Ve Peri’ nin çemberinin merkezinde
Tanrı daha doğrusu Tanrı algısı var.(Belki de hepimiz inandığımız yaratıcıyı
merkeze koysak ve başkalarının merkezindeki yaratıcı benimkine neden benzemiyor
diye sormasak hayatı anlamak daha kolay olurdu.)
Peri ne Şirin gibi inançsızlığa
ne de Mona gibi inanca bağlı.Her kavgada iki tarafın da hem haklılığını hem
haksızlığını görebilen,bir nevi arafta yaşayan,Oxford’a ailesinin gurur
kaynağı olarak okumaya gelmiş bir İstanbullu.Profesör Azur’ dan aldığı Tanrı
dersi tüm yaşamını etkileyecektir Peri’ nin.
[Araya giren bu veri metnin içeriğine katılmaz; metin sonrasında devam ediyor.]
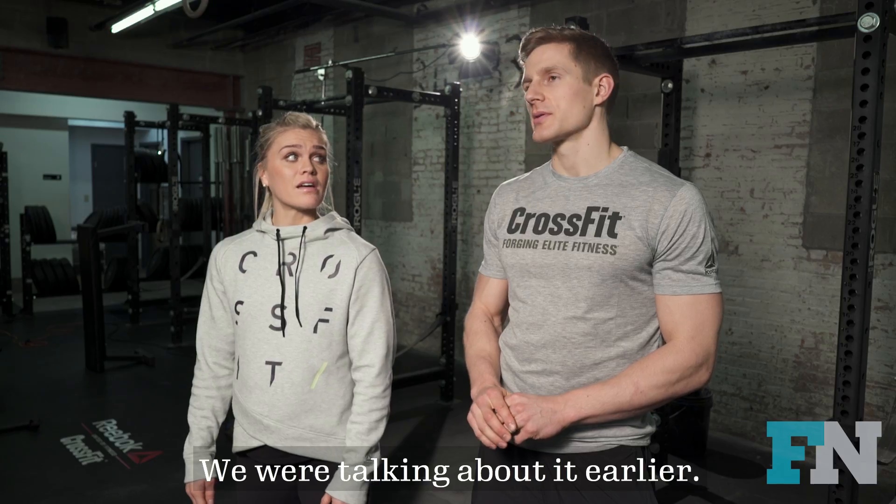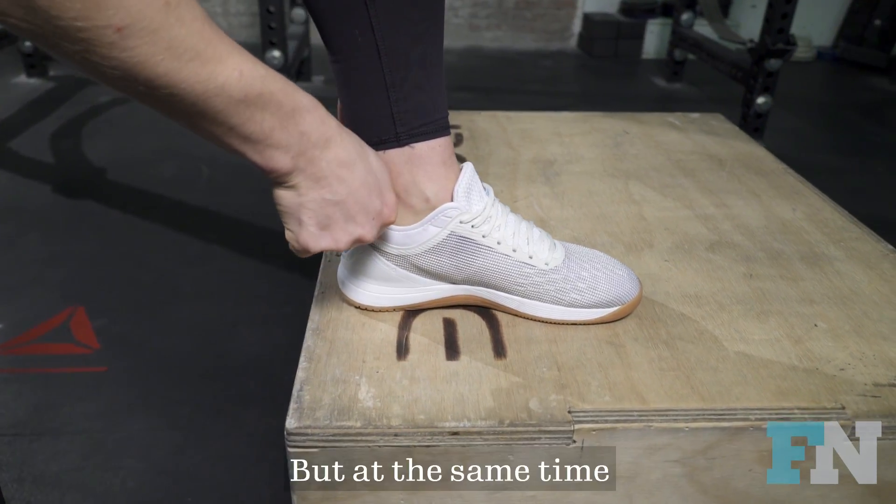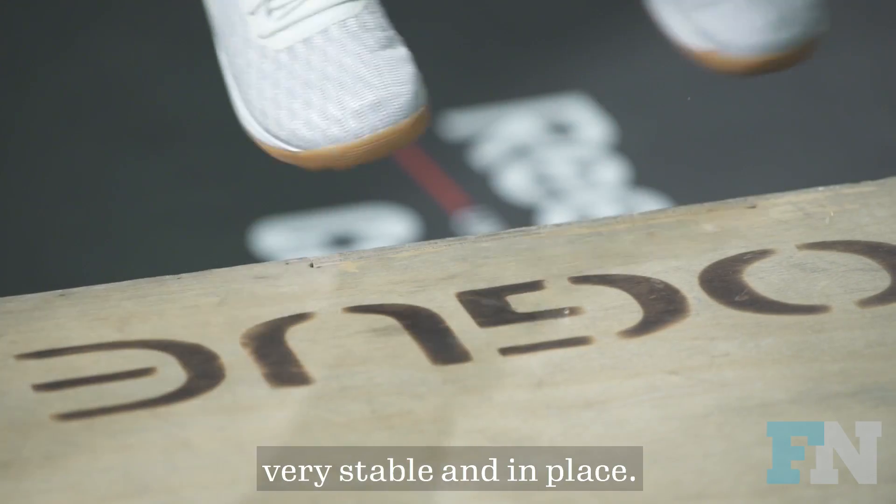We both really like it. You were talking about it earlier. It almost feels like a sock, but at the same time kept everything else very stable and in place.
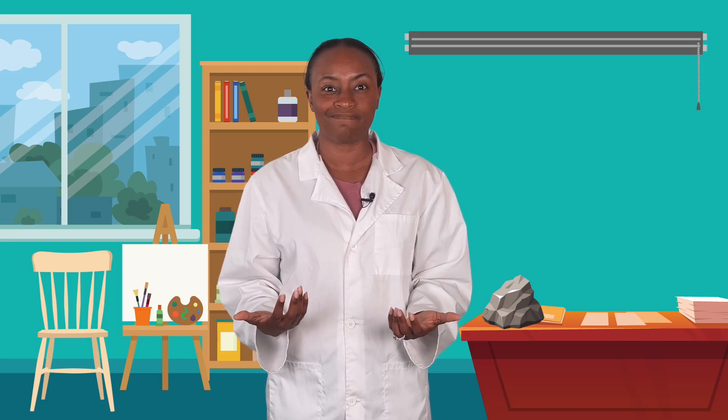But wait! Not everything people make is technology, right? Like the painting I made last week — it doesn't really help me do anything, it's just nice to look at. So, not all human-made things are technology. Only the things that help us solve a problem or make something easier.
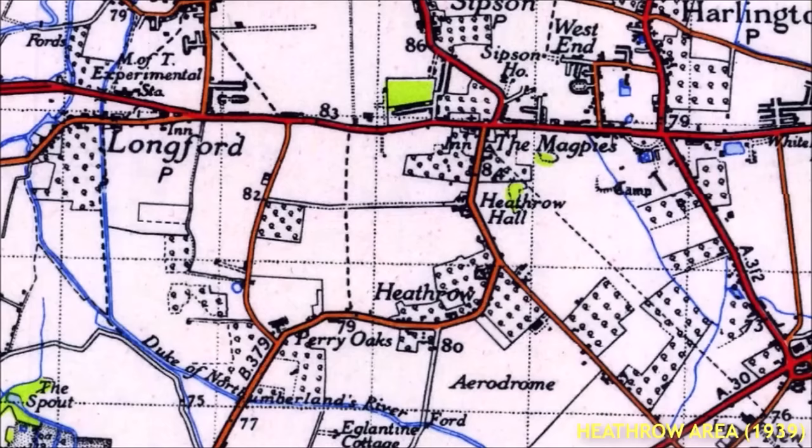Heathrow Road ran south from the Bath Road at the Three Magpies pub, and after a mile turned west. After another mile, the 1939 traveller could follow another road, Tiesbarn Road, back north to the Bath Road. We'll follow this route — a rather extended crescent.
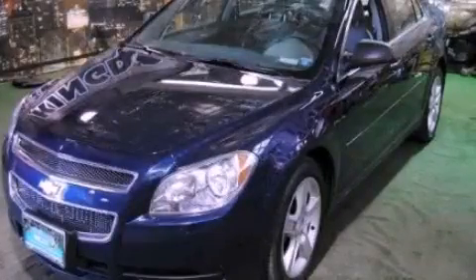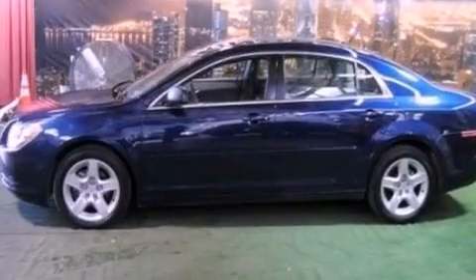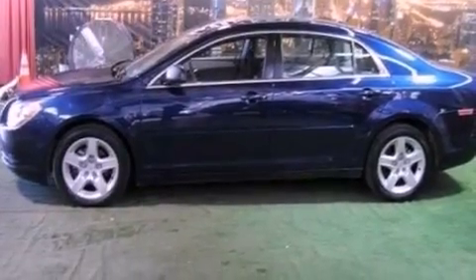This is a 2011 Chevrolet Malibu. It features a 2.4-liter four-cylinder engine and an automatic transmission.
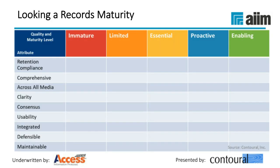When we talk about records maturity, we look at different levels and categories. For a records retention schedule maturity model, we want to look at key factors: are you compliant? Is it comprehensive — does your schedule address all media? Is it clear — can somebody understand it? Does it represent a consensus? Is it usable? Is it integrated? Does your records retention schedule lend itself to defensibility? And is it maintainable? Traditionally, most programs have looked only at legal and regulatory compliance, which is important, but it's more than that. This is what's driving organizations to take a bigger picture view.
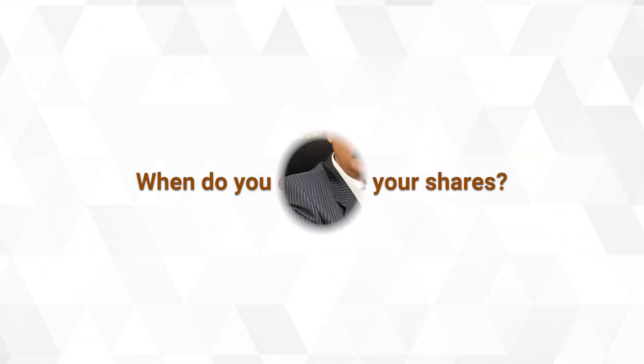When do you exercise your shares? The ideal point is when the price is low. If you have the ability to gauge stock prices, then you can exercise when the price is low. This is because it's subject to perquisite tax, and the perquisite is added into your income on the difference between the market price and the exercise price on the date of exercise.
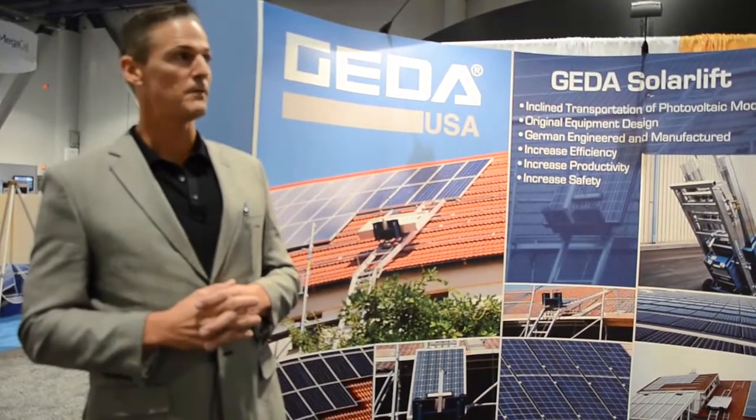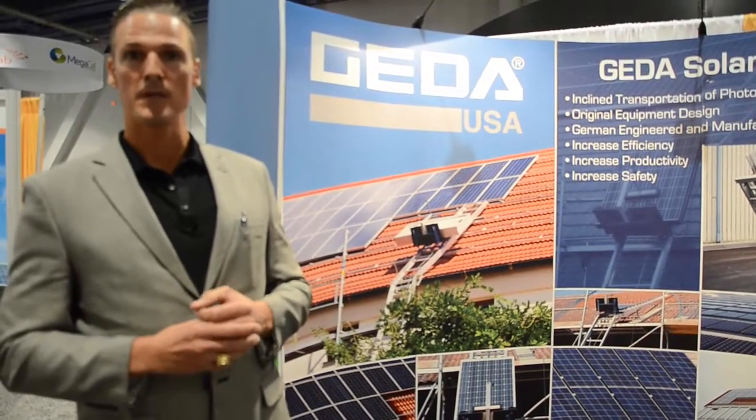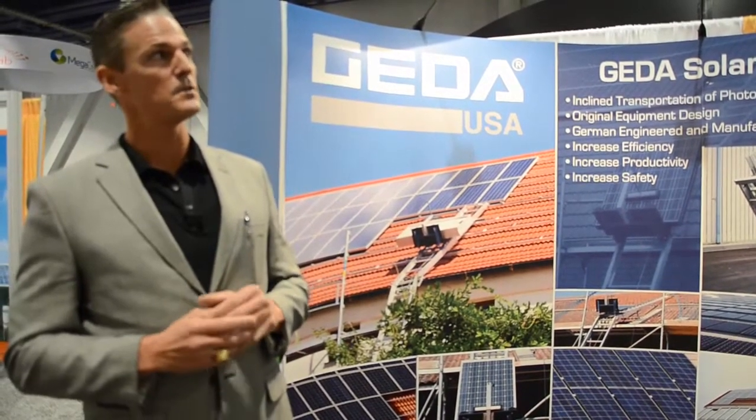Some of the features and benefits of the Solar Lift are: it's a modular system. You can move 550 pounds at a rate of 70 feet per minute to a max lifting height of 103 feet. There are safety features built in for installers to help them work safer and faster.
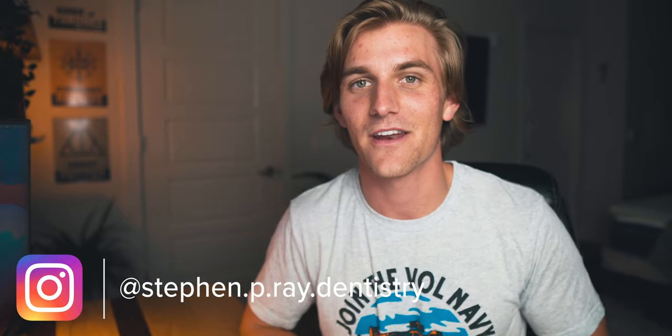I absolutely appreciate and love each and every one of you. I'm so excited about all of you being here, commenting, and just building this little community on my channel. I'm really pumped for the future. I always ramble too much, so I'm going to spare you the rest of this. Thank you, and I will see you in the next video.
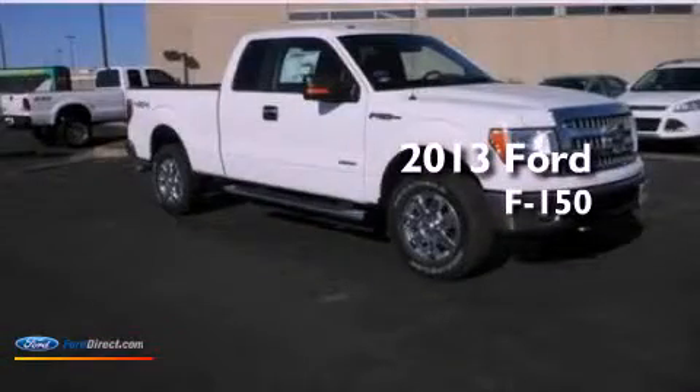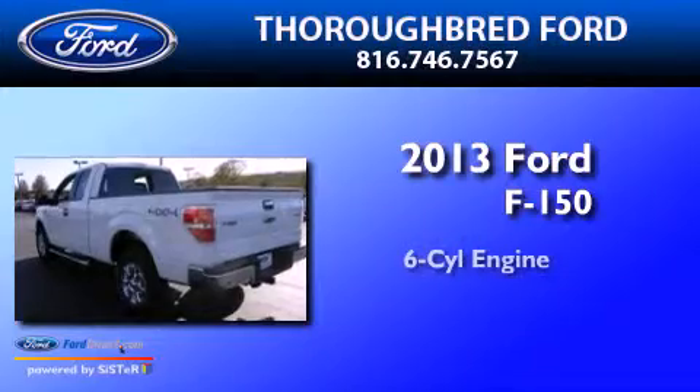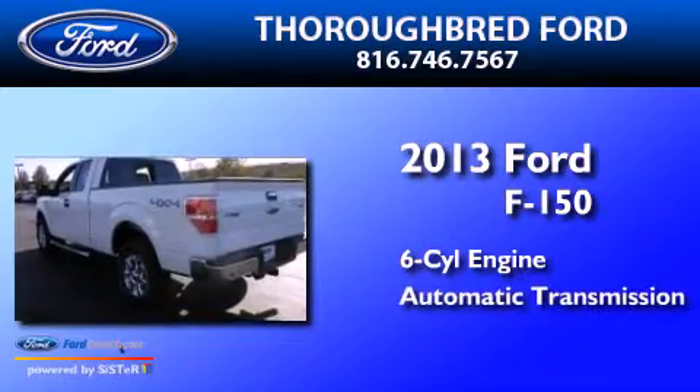This is a brand-new 2013 Ford F-150. It has a six-cylinder engine and an automatic transmission.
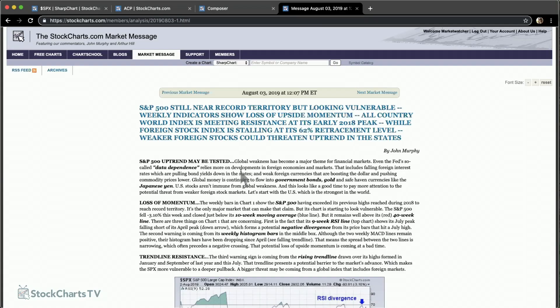I'd like to start by putting things in a longer-term perspective. I know we're all focused on the very short term, and also with a global spin. Everyone's talking about global weakness and the effect it might be having on the US market. I wrote a message last Saturday: 'S&P still in record territory but looking vulnerable. Weekly indicators show some loss of upside momentum.'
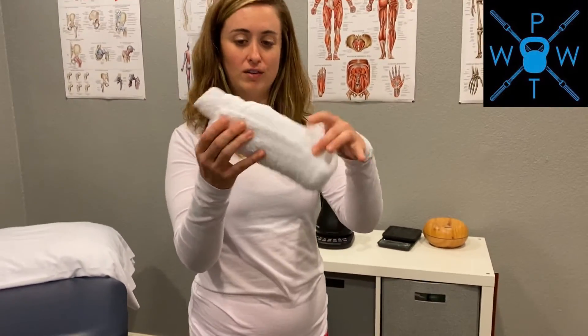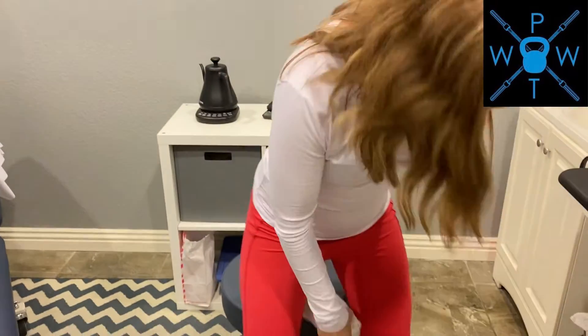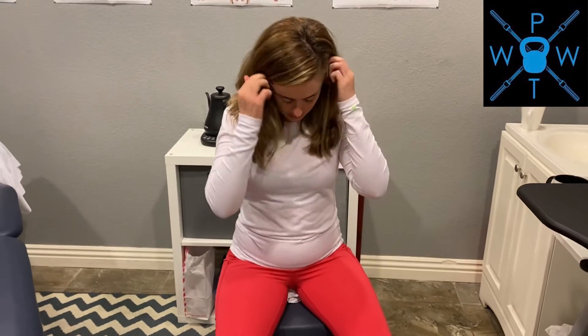If you have a small towel roll like this, you can roll it up and put it in between your legs and sit on it. You want to feel the perineum, which is the skin between the vagina and anus.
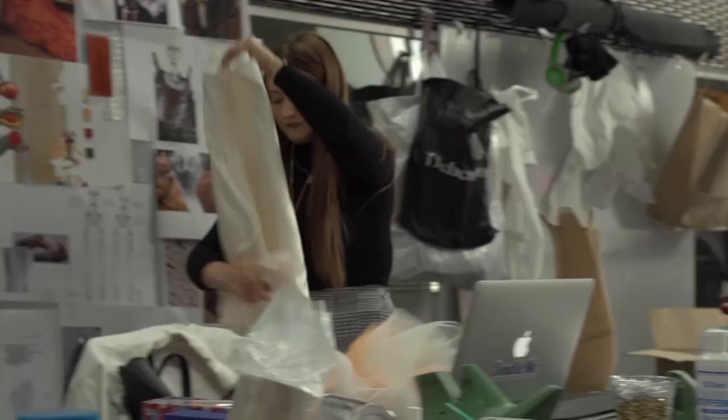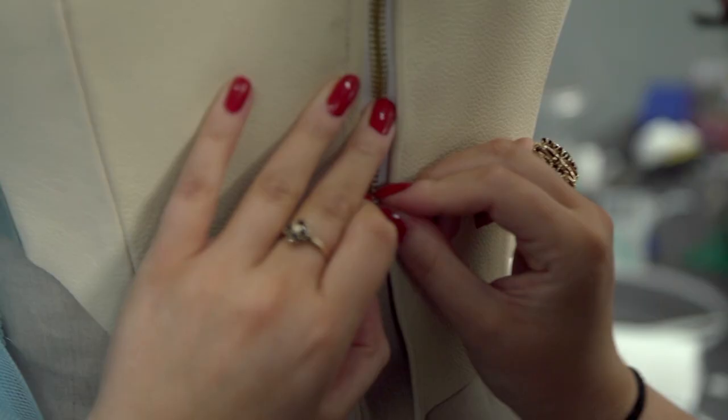We're finding new ways to build accessories and we're seeing them in more of an engineering way rather than just traditional accessory making. I'm now making things in my final year in ways that I didn't even know was possible in first year.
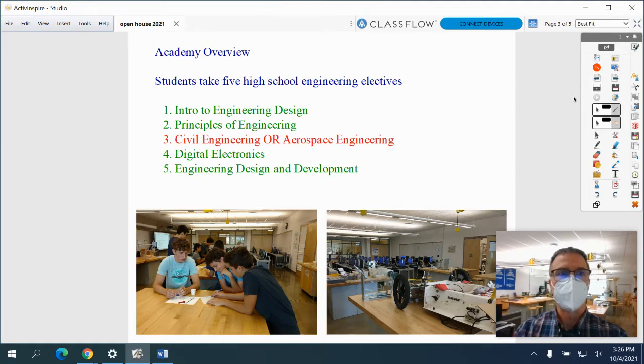In order to complete the engineering program, students must pass the courses that are listed in green. The elective engineering courses are listed in red. Students must take either Civil Engineering or Aerospace Engineering, but not both. Students are allowed to take both classes, but they only need to take one of them in order to complete the engineering program.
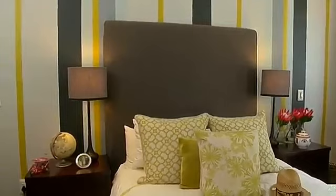Picture it before you paint it. Download the free Dulux Visualizer app and see how your room will look in any color you choose. Dulux, let's color.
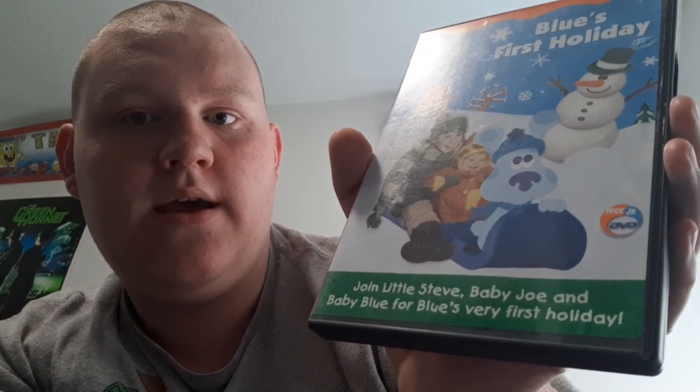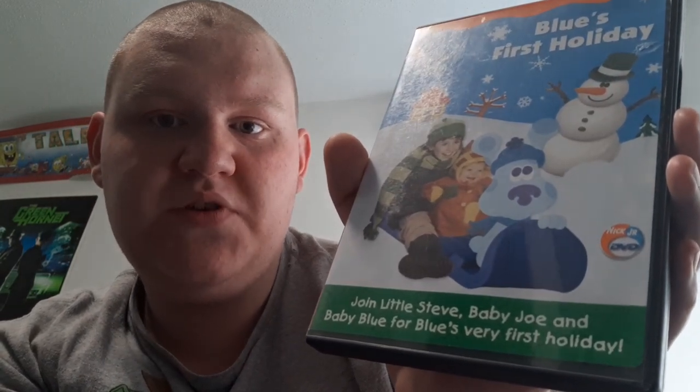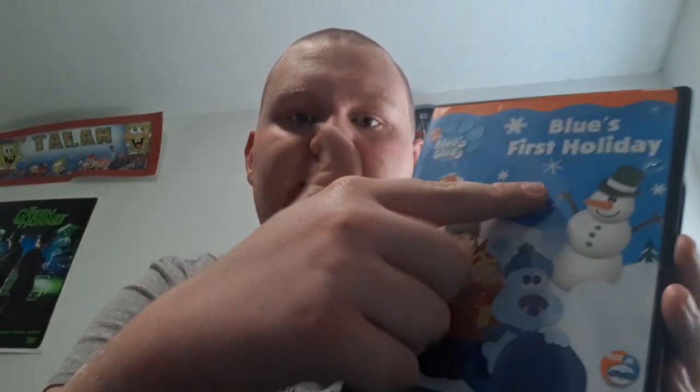And I finally got the new paper. I didn't know there was a paper inside. What it reads: Join Little Steve, Baby Joe, and Baby Blue for Blue's Very First Holiday. So pretty cool. There's a snowman right there, and there's two scenes from Blue's First Holiday and Joe's Surprise Party. I am going to get the VHS version of Blue's First Holiday soon.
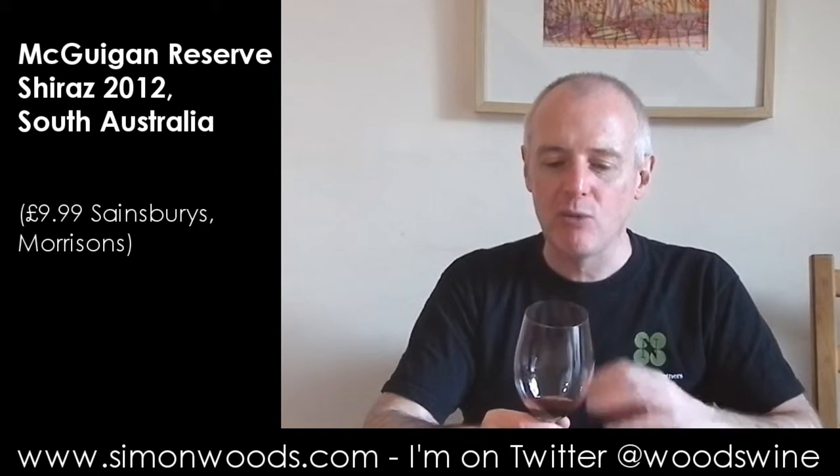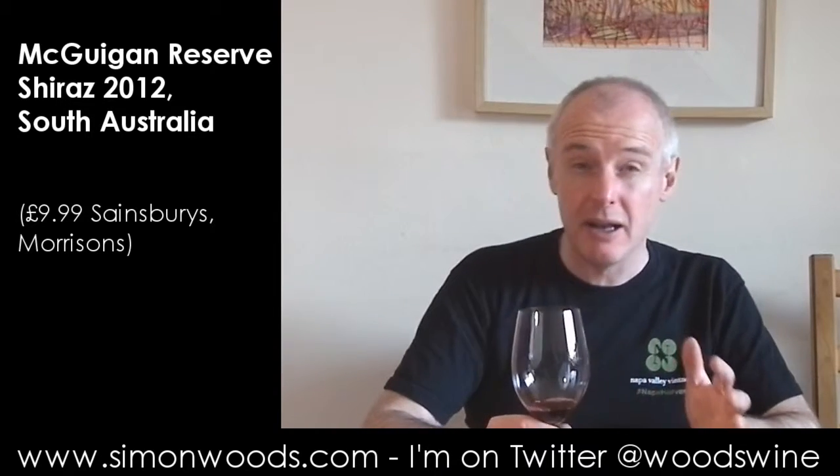It smells like behind there's some reasonable, yes, gentle berry fruit. Doesn't feel like the wine's been overdone or anything like that, but maybe the oak's been slightly overdone.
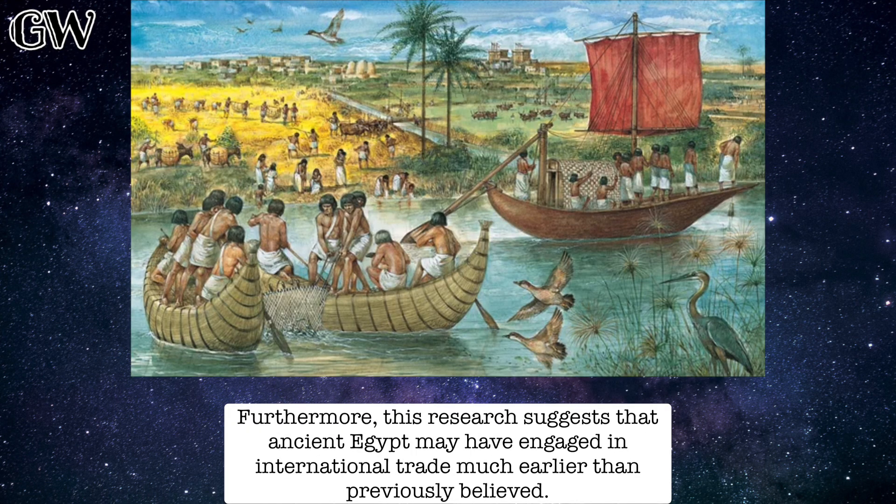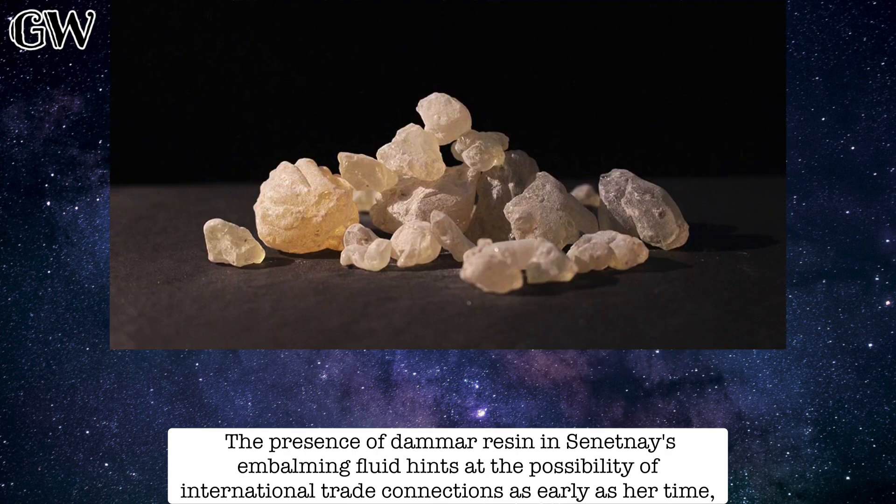Furthermore, this research suggests that ancient Egypt may have engaged in international trade much earlier than previously believed. The presence of dammer resin in Senetnay's embalming fluid hints at the possibility of international trade connections as early as her time.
Yazarımız Şirin ,Mona ve Peri’nin
gözünden üç farklı yaşam biçimini ustalıkla anlatmış. Peri’ nin çocukluğuyla
1980’ lerin Türkiye’sini, Oxford yıllarıyla 2000’ lerin İngiltere’sini ve
günümüzü yani üç farklı zaman dilimini de okurun kafasını karıştırmayacak
biçimde kurgulamış.
Elif Şafak Aşk kitabından sonra
daha popüler kitaplar yazma çabasına girdi.Bir nevi popüler kültüre yenik
düştü.Çok satma kaygısıyla kitaplarının içeriği sığlaştı.Halbuki Aşk’tan önce
yazdığı Pinhan,Mahrem ve Araf okunması zor ama söyleyecek sözü çok olan
kitaplardı.Keşke Aşk’ ı hiç yazmasaydı da çok satmanın cazibesine kapılmasaydı
diye düşünürken Havva’ nın Üç Kızı’ nı okumak iyi geldi bana.Üstelik ilk defa bir
roman karakteriyle bu kadar örtüştüm. Peri’ yi anladım ve ona hak verdim.
Bu kitabı okuyun bence.Bakalım siz Havva’ nın hangi kızına hak vereceksiziniz. Hangisi size daha yakın gelecek.
Yazarı sevmiyorsanız kesinlikle
okuyun. Ön yargılarınızı üstünüzden atabiliyor musunuz bir test etmiş olursunuz
hiç olmazsa.
*Nerede ve ne zaman olduğunu hatırlamıyorum ama yıllar önce bu minvalde bir söz okudum ve kitap okurken ana felsefem olarak benimsedim.